The Real Gone Interview, Part 1: Gordon Anderson
For many years, Collectors Choice Music was the go-to source for music fans wanting CD reissues of music from the past. Be it something straightforward, music that enjoyed mega-success on original release – like, say, the 3CD set of Paul Revere and the Raiders single a- and b-sides – or something esoteric and obscure (a Clint Eastwood collection of cowboy songs), as the leading mail-order reissue catalog, CCM provided low-cost reissues with solid quality, careful remastering, and little fuss.
While the marketing arm of CCM remains in operation, the Collectors Choice Music label ceased operations in 2010. Fortunately for hardcore music nerds (this writer proudly included), seventeen-year CCM head Gordon Anderson formed a new label in partnership with fellow music industry veteran Gabby Castellana. Launched in 2011, Real Gone Music picks up the mantle right where CCM left off.
Anderson chuckles heartily when I observe that the sort of albums that Real Gone puts out are a wildly eclectic lot, just a list of things some collector-nerds at the label would like to see. “You kinda nailed it,” he admits. During his time at CCM, Anderson got “a lot of customer requests, which I preserved through the years. A lot of [those titles] ended up on Collectors Choice.” Once he left CCM and started Real Gone, he “spent about a month going through the old customer requests, analyzing if [a potential reissue] made sense.”
“There is,” Anderson asserts, “a populist element to Real Gone that is much like Collectors Choice. The difference being that, in the old days, CCM was serving two masters: trying to find stuff in the catalog that the audience wanted to buy, and going retail. Now, of course, for Real Gone, the retail aspect is more important.” Anderson believes that his nearly two decades of experience in the realm of what he calls “collector fandom” gives him the skills needed to make good choices for RGM releases. His connections with what he self-effacingly calls his fellow “collector nerds” help steer him in the right direction as well: “I get pitched by independent producers from all walks of musical expertise and knowledge, and the label reflects that, too.” He responds to those pitches by challenging the producer to make the case for their suggestion. “Sometimes they make the bar, sometimes they don’t.”

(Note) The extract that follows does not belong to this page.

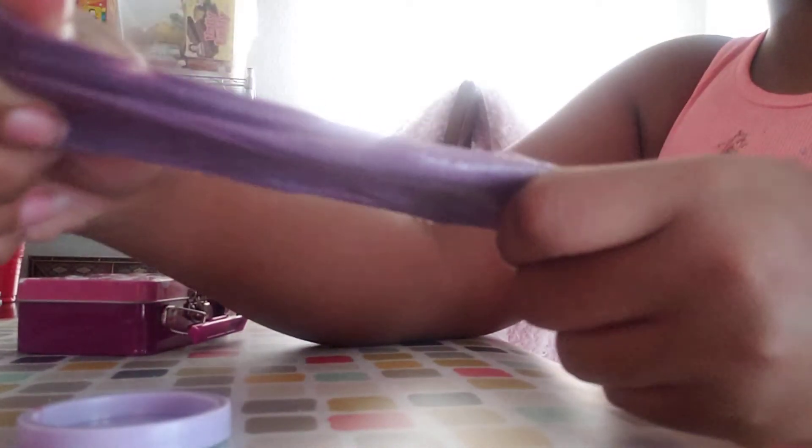It seems like it's starting to turn into a purple. And here is the final color — wow, look at it! Oh, this is the beautiful final color, look at it!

As is only fitting, Anderson’s own musical interests do figure into the mix as well. “My own expertise is very broad, but not always very deep,” he quips. “But there are certain artists that I just know are going to work [for reissues].” He cites a New Christy Minstrels compilation (A Retrospective: 1962-1970, due out June 26 on RGM). “I just know from prior experience that that’s going to do okay.”
He admits that some release projects lean more in a labor-of-love direction. “There are some that I entertain, that I do knowing the commercial potential is limited, but I feel there’s something there worth hearing.” Anderson mentions the self-titled singer/songwriter album by former Music Machine leader T.S. Bonniwell, and a rock interpretation of Handel‘s Messiah. “I didn’t have any illusions about that one,” he laughs dryly. “It’s very much a niche, extreme cult item.”
The costs associated with securing masters and rights, coupled with the availability of the material itself, affect the likelihood of a title seeing reissue on Real Gone Music. A combination of experience, gut and market research are all brought to bear on the decision process, too. “I don’t think I’m betraying any deep secret when I say that you’ve got to go online and see what things are selling for,” Anderson says. If vinyl copies of a long out-of-print album are changing hands for hundreds of dollars, that’s clearly a mark in favor of CD reissue. “That doesn’t always guarantee success – nor does it always predict failure – but in general, it’s a good indication. You know: supply and demand.”